What the exercise asks |
All records are to be retyped faithfully and completely.

Items from a data source |
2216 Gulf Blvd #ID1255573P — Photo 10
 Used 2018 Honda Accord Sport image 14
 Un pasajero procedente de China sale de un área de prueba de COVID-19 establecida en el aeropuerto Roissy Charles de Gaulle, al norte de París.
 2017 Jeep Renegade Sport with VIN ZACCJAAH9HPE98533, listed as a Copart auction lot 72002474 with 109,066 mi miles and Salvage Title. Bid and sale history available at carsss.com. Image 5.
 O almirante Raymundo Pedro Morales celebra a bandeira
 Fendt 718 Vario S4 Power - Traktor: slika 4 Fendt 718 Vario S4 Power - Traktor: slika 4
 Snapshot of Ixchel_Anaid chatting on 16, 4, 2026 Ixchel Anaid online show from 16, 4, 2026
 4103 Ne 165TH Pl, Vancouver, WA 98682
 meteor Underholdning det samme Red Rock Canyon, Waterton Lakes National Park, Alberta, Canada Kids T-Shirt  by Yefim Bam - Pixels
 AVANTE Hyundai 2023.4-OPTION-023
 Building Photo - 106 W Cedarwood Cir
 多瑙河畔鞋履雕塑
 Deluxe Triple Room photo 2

Reply to the exercise |
2216 Gulf Blvd #ID1255573P — Photo 10
 Used 2018 Honda Accord Sport image 14
 Un pasajero procedente de China sale de un área de prueba de COVID-19 establecida en el aeropuerto Roissy Charles de Gaulle, al norte de París.
 2017 Jeep Renegade Sport with VIN ZACCJAAH9HPE98533, listed as a Copart auction lot 72002474 with 109,066 mi miles and Salvage Title. Bid and sale history available at carsss.com. Image 5.
 O almirante Raymundo Pedro Morales celebra a bandeira
 Fendt 718 Vario S4 Power - Traktor: slika 4 Fendt 718 Vario S4 Power - Traktor: slika 4
 Snapshot of Ixchel_Anaid chatting on 16, 4, 2026 Ixchel Anaid online show from 16, 4, 2026
 4103 Ne 165TH Pl, Vancouver, WA 98682
 meteor Underholdning det samme Red Rock Canyon, Waterton Lakes National Park, Alberta, Canada Kids T-Shirt  by Yefim Bam - Pixels
 AVANTE Hyundai 2023.4-OPTION-023
 Building Photo - 106 W Cedarwood Cir
 多瑙河畔鞋履雕塑
 Deluxe Triple Room photo 2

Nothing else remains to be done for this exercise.